Anyway, in every meaning of Miss Glyn’s provocative two-letter word, Cooper had It, and Father was one of the first to recognize it and to guide him from supporting to starring roles. At least that’s the way the Cooper legend spun its golden threads through the Schulberg household. And in his memoirs in
Life,
Coop—like Gary Grant and the rare
few among a legion of ingrates—acknowledged his debt to B.P. as the first producer to recognize his potential and give him his break.

Wings
was an embattled picture, both on the screen where the vicious dogfights between the American and German fighter planes of World War I were reenacted for the first time, and behind the scenes where a running battle was fought between the West Coast studio (where Jesse Lasky loyally supported B.P.) and the ever-threatening New York office of Adolph Zukor. Father had wanted to do an air picture for a long time. The seed may have been planted when we were coming home from New York through the Panama Canal and the news was radioed to our ship, the
President Van Buren,
that Lindbergh had landed safely in Paris. The
Van Buren
went berserk. Passengers who had never spoken to each other kissed and hugged, and nearly everyone on board got gloriously drunk. Father had been so carried away with the historic 33-hour flight of our Lone Eagle that he had wound up in the wrong stateroom with a young homeymooner who had lost track of her bridegroom in the shipboard excitement.

From the moment that the single-prop one-seater
Spirit of St. Louis
touched down at Le Bourget, America became instantly air-minded. People treasured envelopes that arrived by airmail, and sporting types offered great sums to aviators who would fly them from Salt Lake City to Los Angeles in an open cockpit. After Harding, Teapot Dome, splitting headaches from bathtub gin, the cynicism of the American press, and the nihilism embraced by the so-called “lost generation,” America seemed to be born again in the individual triumph of the modest, diffident (Cooperlike) hero of the skies.
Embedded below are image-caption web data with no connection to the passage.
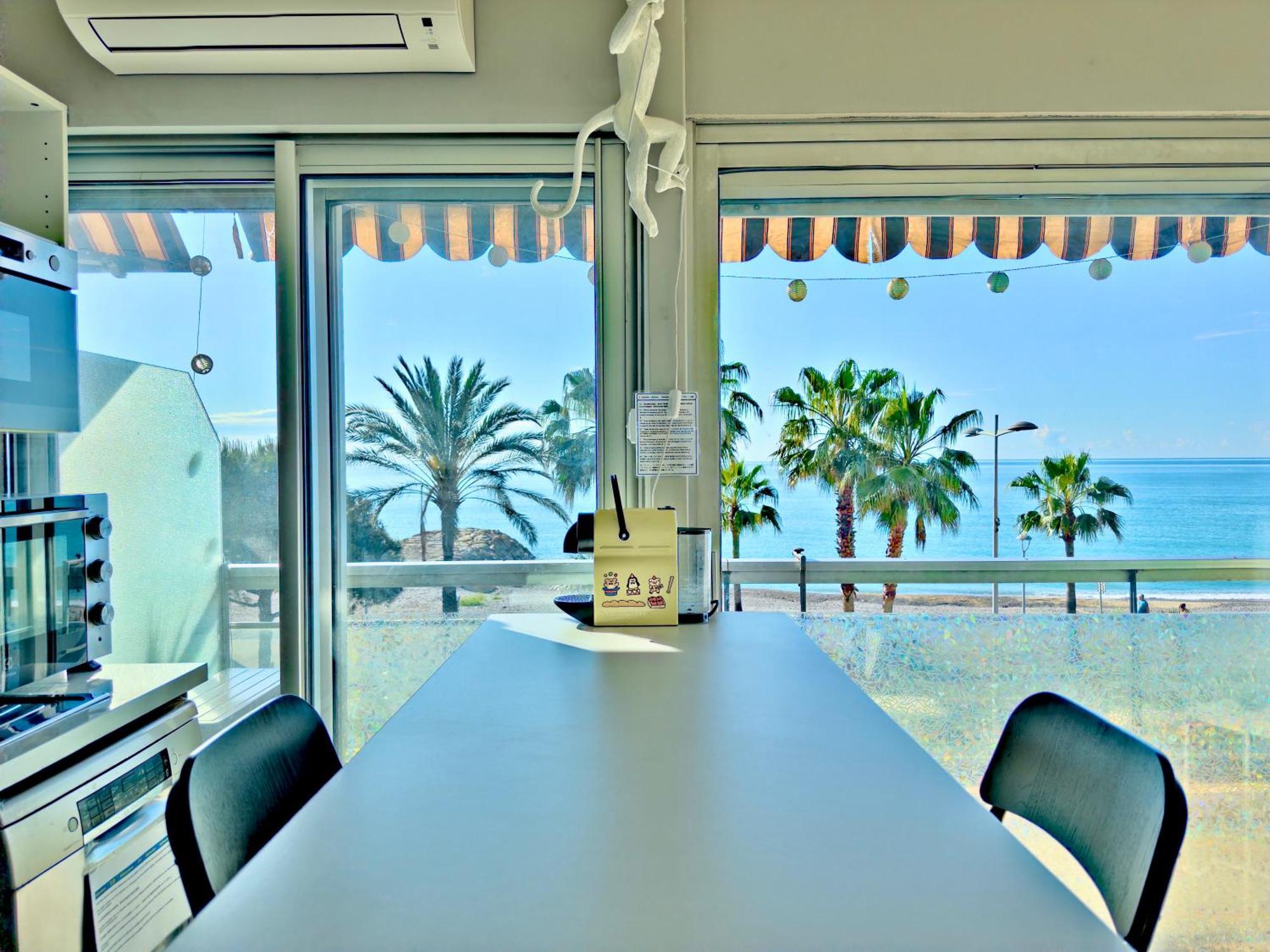 Panoramic Sea View Studio 24H Checkin Cagnes-sur-Mer Exteriör bild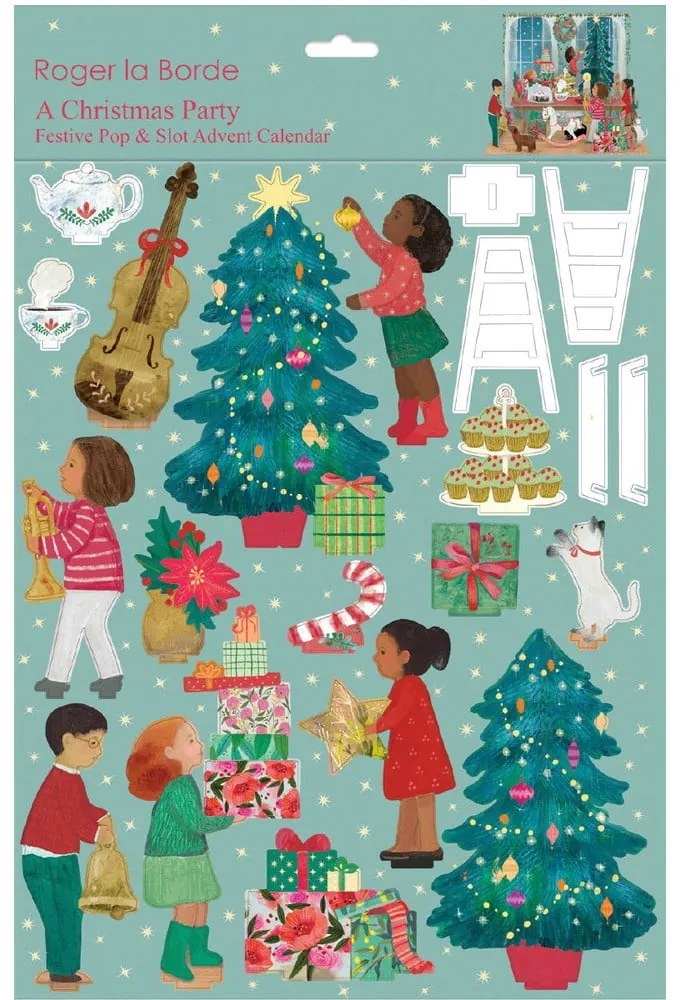Adventný kalendár A Christmas Party – Roger la Borde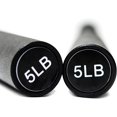 thumbnail image 2 of Indian Club Exercise Workout Bars (Set of 2, 5lbs Each), 2 of 5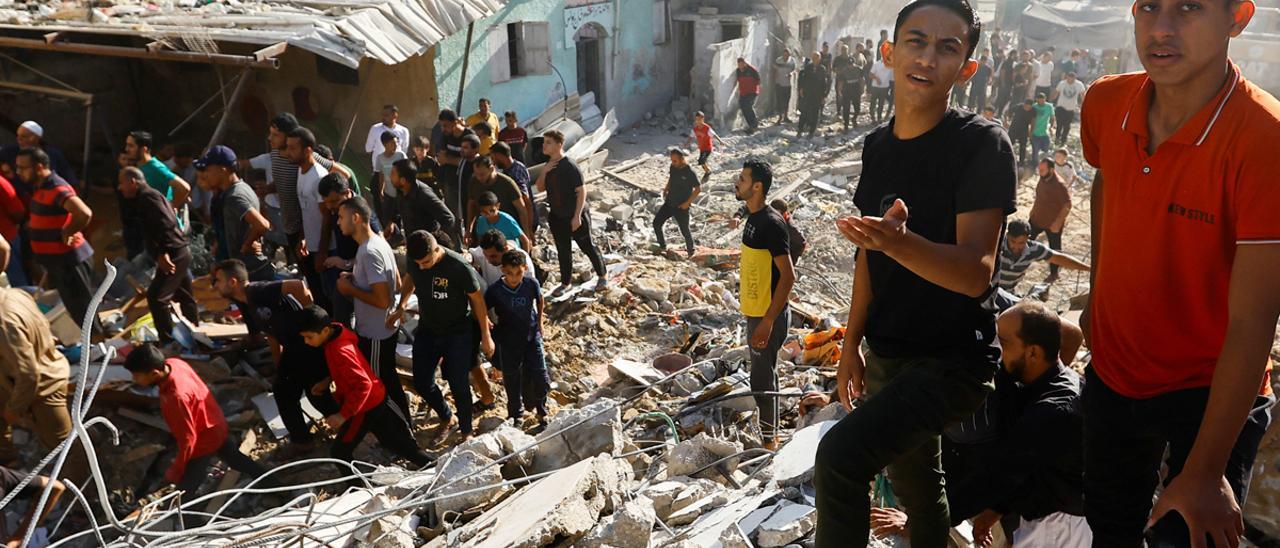 Mientras dure la guerra | Artículo de Rafael Vilasanjuan sobre la guerra de Israel y Hamás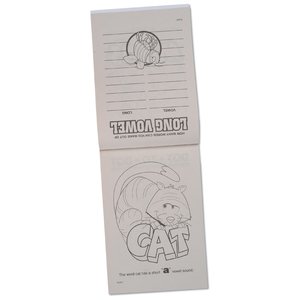 Additional Image 2 - a white rectangular object with a circle and a circle on it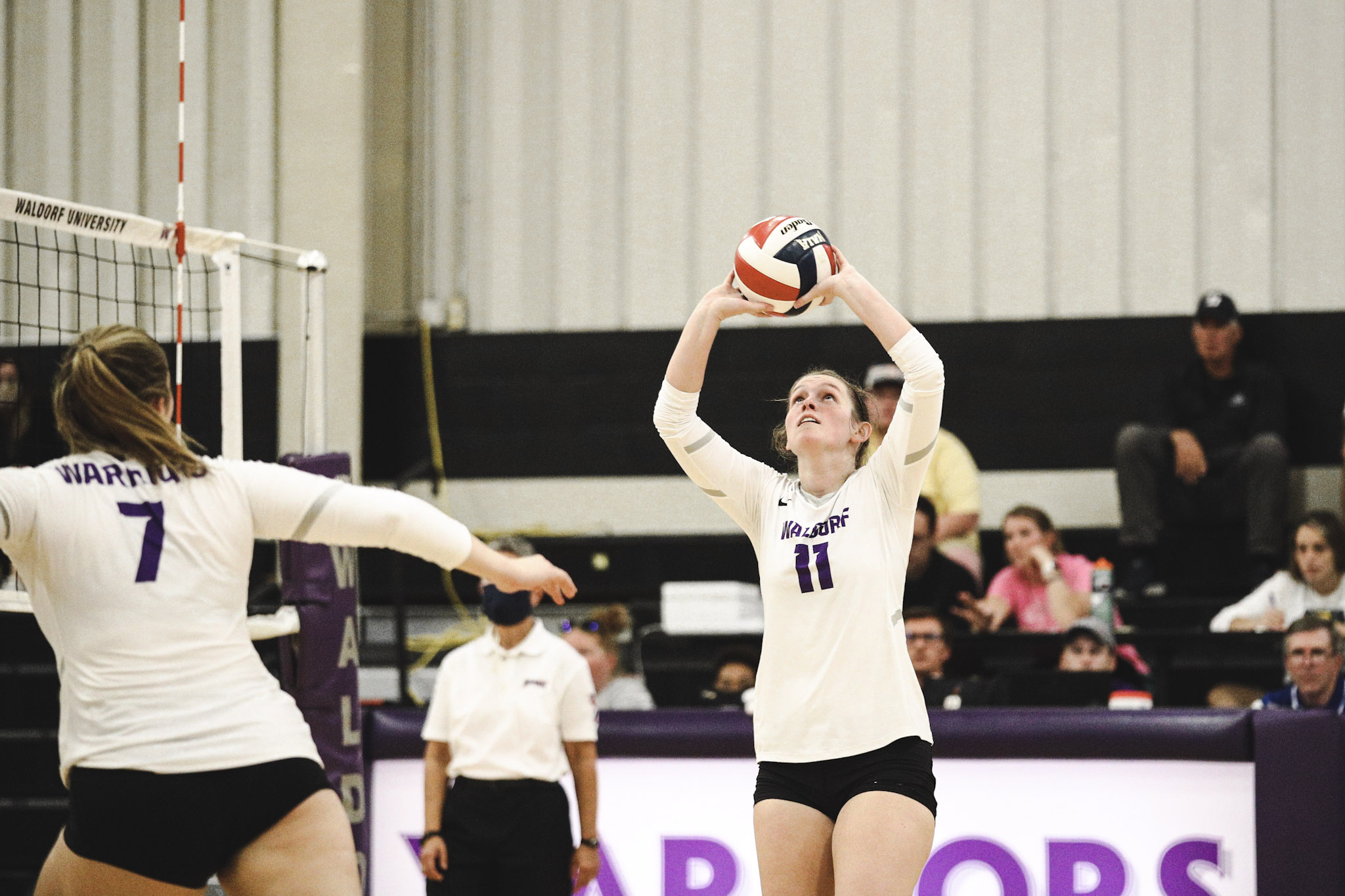 (Volleyball) Waldorf v. Valley City State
When Lindbergh came to Hollywood that year, world-famous movie stars crowded around him like kids, begging for his autograph. My parents took me to the reception for him at the Ambassador Hotel and his autograph in my precious red-leather book gave me vicarious celebrity when I showed it off at school. Of course Father wanted to make a picture of what everybody was hailing as “the greatest single exploit in the history of the world.”